Diplomatic Fallout: Can a New Cease-fire in Syria Work?

Only a diehard optimist would argue that there will be a sustainable cease-fire in Syria by the end of this year. While Russia and the Western powers are still bickering over the precise terms for the destruction of the Syrian regime’s chemical weapons, brutal fighting persists on the ground. The army and rebels continued to clash last week, and the rebels have also been battling one another, with radical Islamist and more-moderate factions struggling over the northern town of Azaz. This sort of fratricidal combat reinforces the fear, previously voiced by United Nations officials, that Syria could fragment into another Somalia.

Yet there has been talk of a cease-fire too. Syrian Deputy Prime Minister Qadri Jamil admitted last week that the government cannot win the war outright, holding out the prospect that the regime of President Bashar al-Assad would call for an end to hostilities at long-postponed peace talks in Geneva. With world leaders gathering in New York for the U.N. General Assembly this week, there will probably be a lot of talk about convening the Geneva talks in October. U.N. Secretary-General Ban Ki-moon is especially likely to press the issue.
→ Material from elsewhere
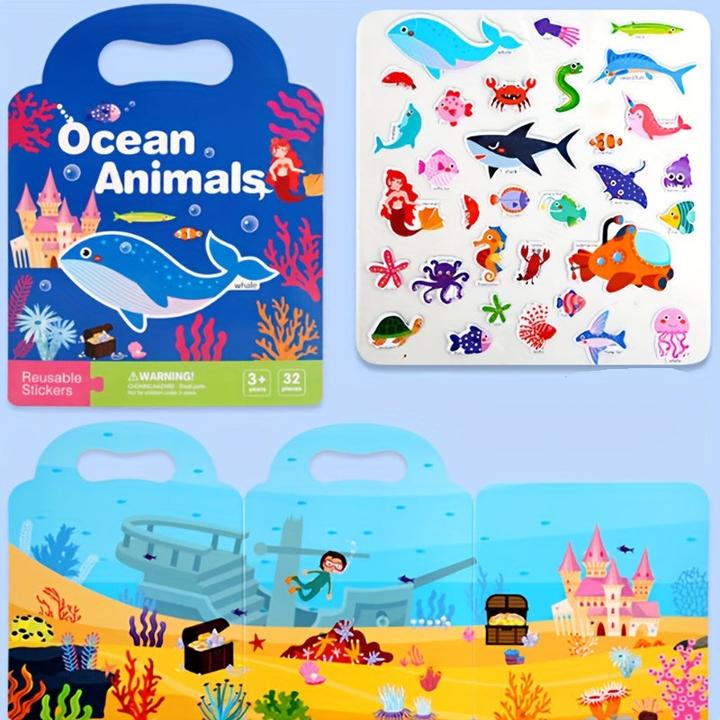 Produktbild Activity Board 1 Stück Wiederverwendbare Stickerbücher für Kleinkinder, wasserdichtes doppelseitiges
As I have previously chronicled, Russia and the U.S. first tabled the idea of a peace conference in May, but it has been repeatedly delayed. There is now a slightly improved chance that the Syrian government and at least some rebel leaders will convene in Geneva. They might emerge with a deceptive “agreement” to end the violence, which could in turn result in a new peacekeeping mission in Syria—a sequel to last year’s ill-fated U.N. efforts to supervise a cease-fire agreed to, and broken by, Assad.